Instructions to follow =>
Down to the last line, print the data that follows exactly, without its pictures.

Information shown =>

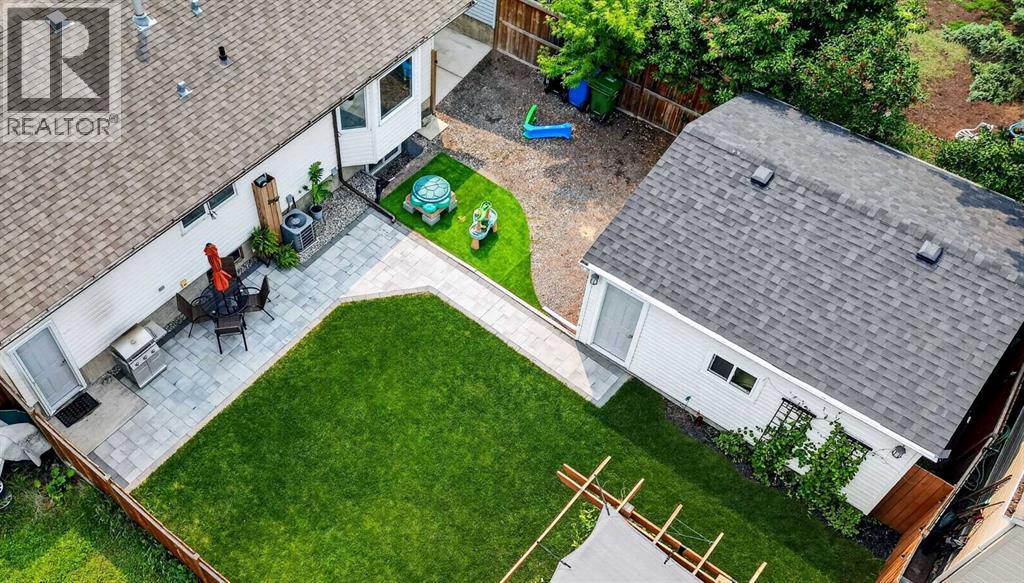 1820 Lysander Crescent SE - photo 3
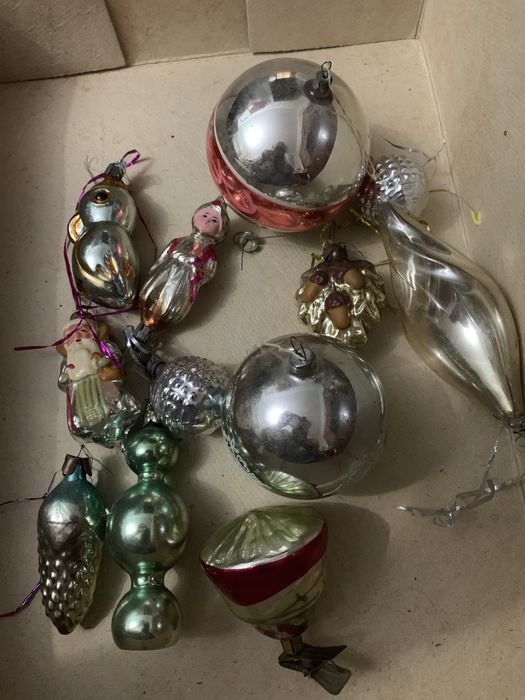 Советские елочные игрушки с елкой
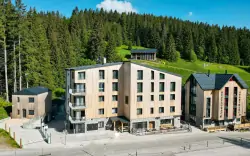 Krkonoše u výletních cílů: Pec pod Sněžkou v Hotelu Zelený potok **** se snídaní + láhev vína a slevová karta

The answer =>
 1820 Lysander Crescent SE - photo 3
 Советские елочные игрушки с елкой
 Krkonoše u výletních cílů: Pec pod Sněžkou v Hotelu Zelený potok **** se snídaní + láhev vína a slevová karta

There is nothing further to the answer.